ACTIVITY
Output the whole listing below exactly, omitting the images.

INFORMATION SUPPLIED
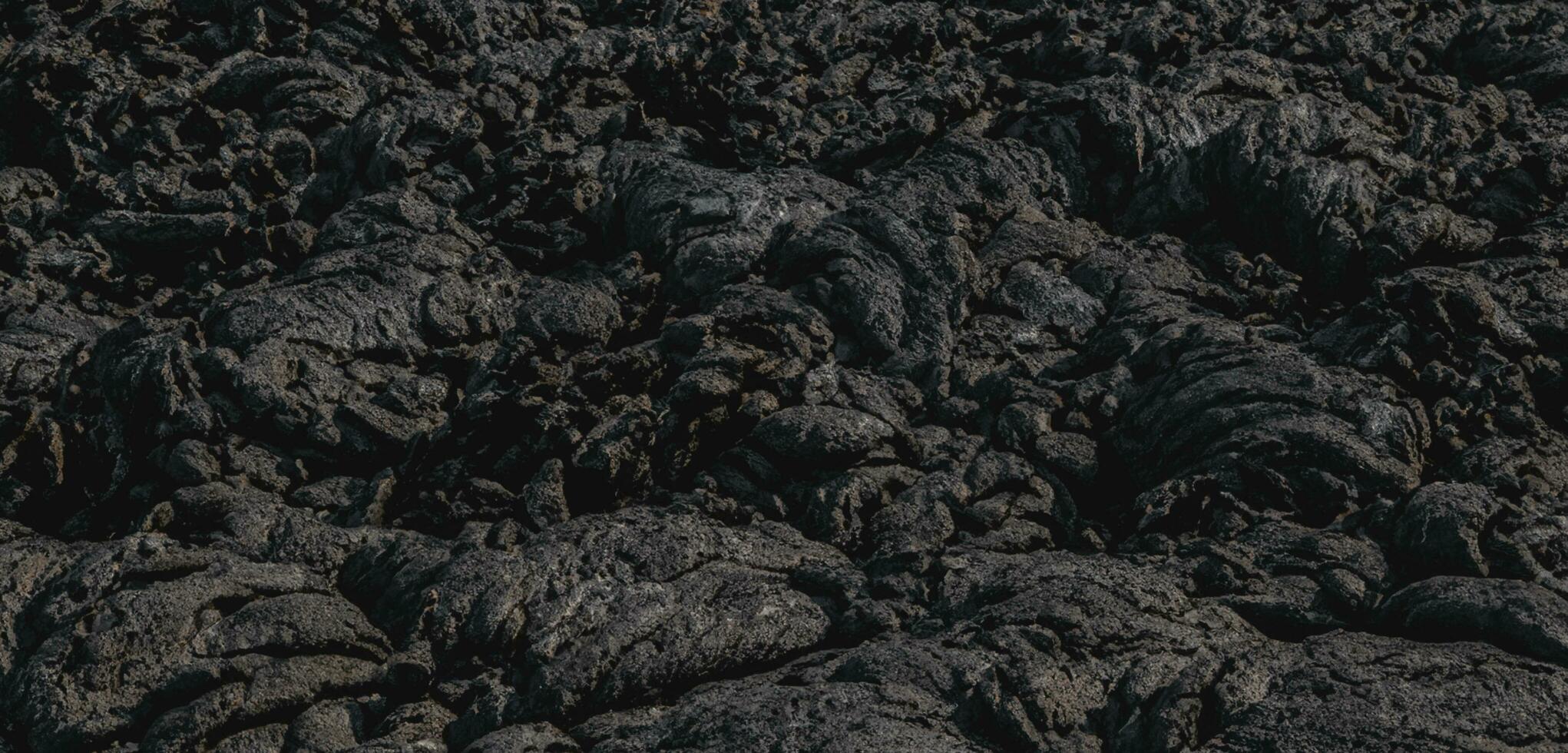 The lava surface cools and hardens into rock Clumps of dark black lava photo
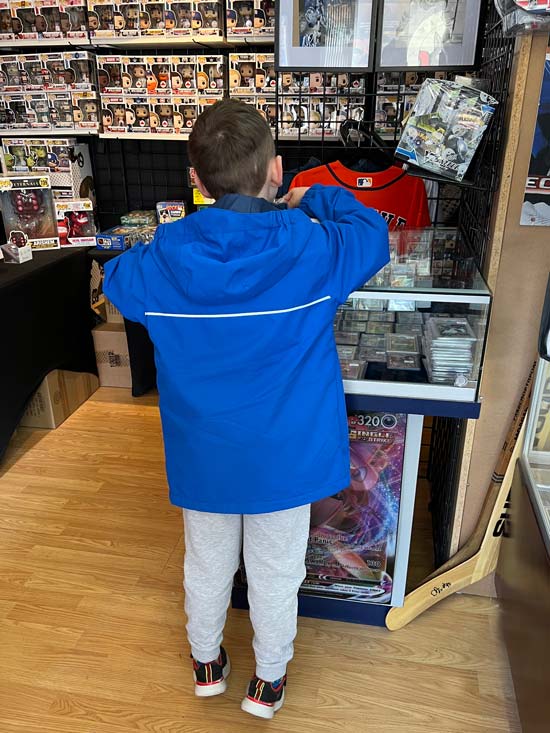 In side, our store image focuses on a boy standing at a glass case. He is looking through Pokémon cards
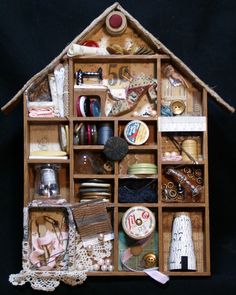 a doll house made out of wooden boxes filled with assorted items and buttons on black background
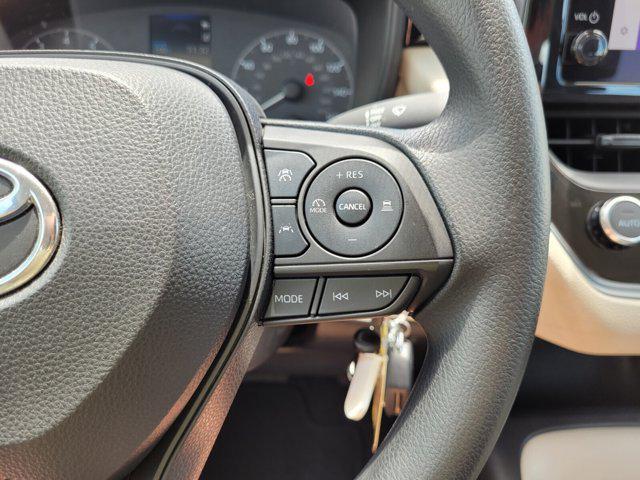 Photo of 2023 Midnight Black Metallic Toyota Corolla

ANSWER FOR THIS EXERCISE
 The lava surface cools and hardens into rock Clumps of dark black lava photo
 In side, our store image focuses on a boy standing at a glass case. He is looking through Pokémon cards
 a doll house made out of wooden boxes filled with assorted items and buttons on black background
 Photo of 2023 Midnight Black Metallic Toyota Corolla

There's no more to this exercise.